Transverse flow effect is an aerodynamic effect encountered when a helicopter moves horizontally (typically forward) through the air, which causes the rotor disc to roll to the side. It is also known as transverse roll or inflow roll.

Transverse flow effect is not experienced when hovering, because the air above the rotor disc is being pulled down from above (known as induced flow or downwash), and is equally distributed around the rotor disc. The air is descending from above, which has the effect of reducing angle of attack.

However, when the helicopter starts moving into undisturbed air, a portion of the disc is in clean, unaccelerated air, while the remaining portion of the rotor disc is still working on descending air. The part of the disc working on clean air therefore sees a higher angle of attack than the portion of the disc which is working on descending air. The result is that the portion in clean air develops more lift.

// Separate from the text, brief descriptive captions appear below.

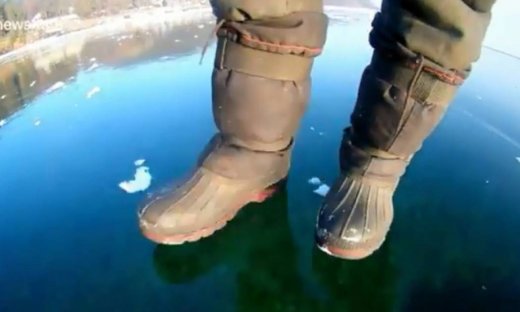 Βιντεοσκόπησε τη βόλτα του στην παγωμένη λίμνη - Η εικόνα είναι μαγική!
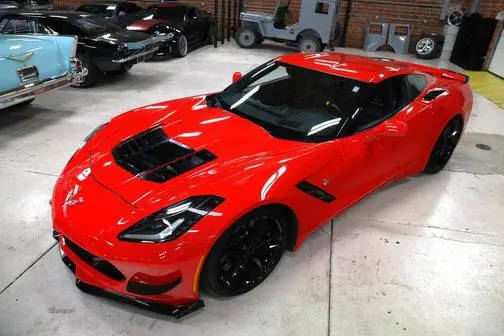 2017 Chevrolet Corvette Z51 2LT RWD photo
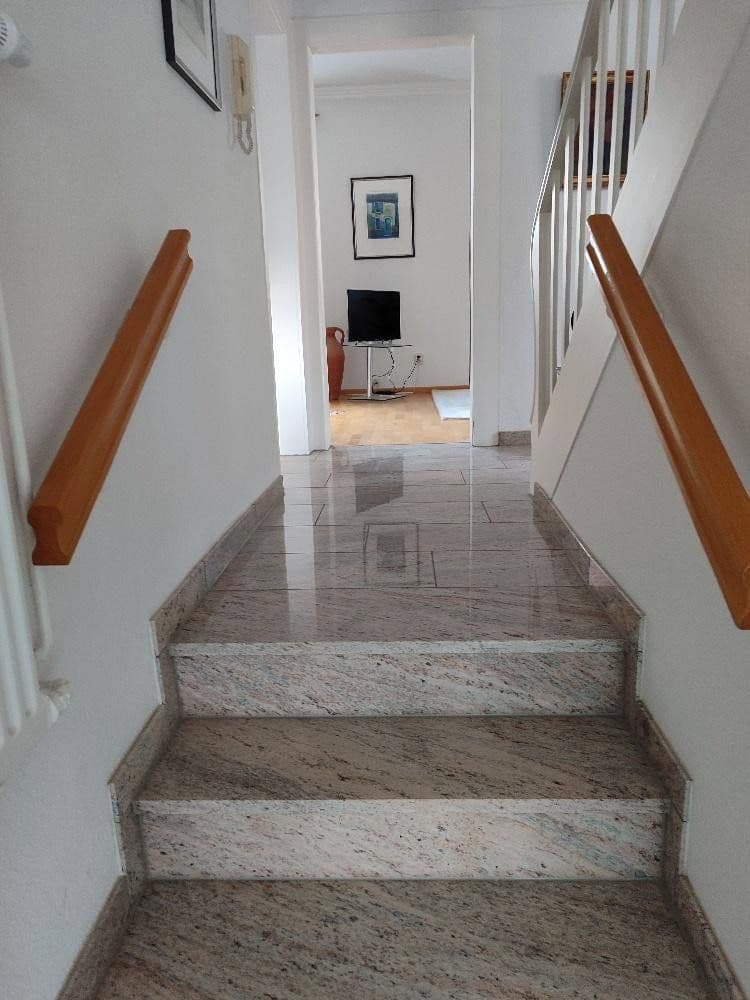 Predaj domu 130 m², pozemek 673 m², Schwalbach am Taunus, Hesensko Predaj domu 130 m², pozemek 673 m², Schwalbach am Taunus, Hesensko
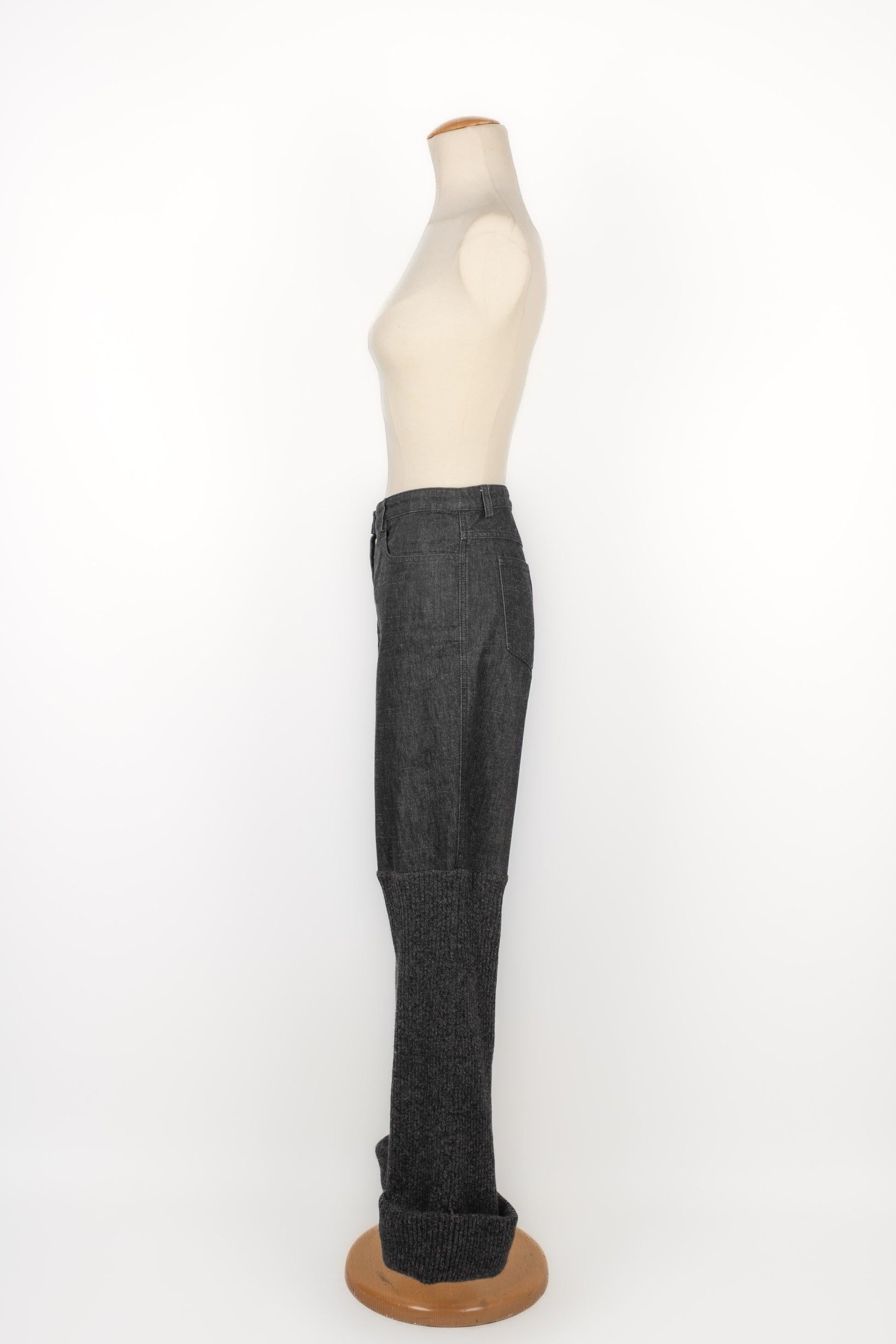 Chanel - (Made in France) Black cotton denim trousers. Size 42FR. 2003 Fall-Winter Collection.

Additional information:
Condition: Very good condition
Dimensions: Size: 39 cm - Length: 98 cm
Period: 21st Century

Seller Reference: FJ2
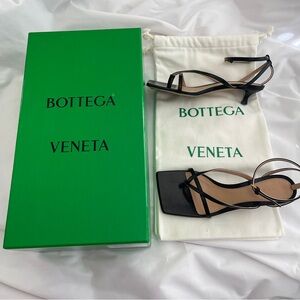 Bottega Veneta Women's Black Stretch Leather Kitten Heel Sandals Size 35 $990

The disc rolls to the side, rather than pitching backwards as one might naively expect, because of phase lag. Phase lag is a property of all rotating systems acted upon by a periodic force, which causes the extra lift to be seen up to 90 degrees later in rotor rotation. For systems hinged at the axis of rotation, such as a semi-rigid rotorhead, the phase lag is 90 degrees. For systems that are hinged at some distance from the axis of rotation, such as an articulated rotorhead, the phase lag is less than 90 degrees. In forward flight the pilot will experience either a right or left roll, depending upon whether the rotor of the helicopter rotates counter-clockwise or clockwise respectively. Some sources attribute the roll to gyroscopic precession, however this is not correct: gyroscopic precession always results in a shift of 90 degrees, whereas phase lag can be less than 90 degrees. Gyroscopic precession applies only to rigid systems, but helicopter rotors are not rigid as they are designed to flap up and down.

If a helicopter experiences a crosswind, the transverse flow effect will result in a pitching up or down instead of a roll.

At higher airspeeds, more and more of the rotor disc will be in clean air and the lift differential will decrease, however transverse flow effect will be experienced to some extent across the whole flight envelope. In a typical single rotor helicopter, the effect is greatest just before Effective Translational Lift (ETL).

The difference in lift between the front and rear of the rotor disc also causes a difference in drag, resulting in a vibration between approximately 10-20 knots. However some sources attribute this to ETL rather than transverse flow.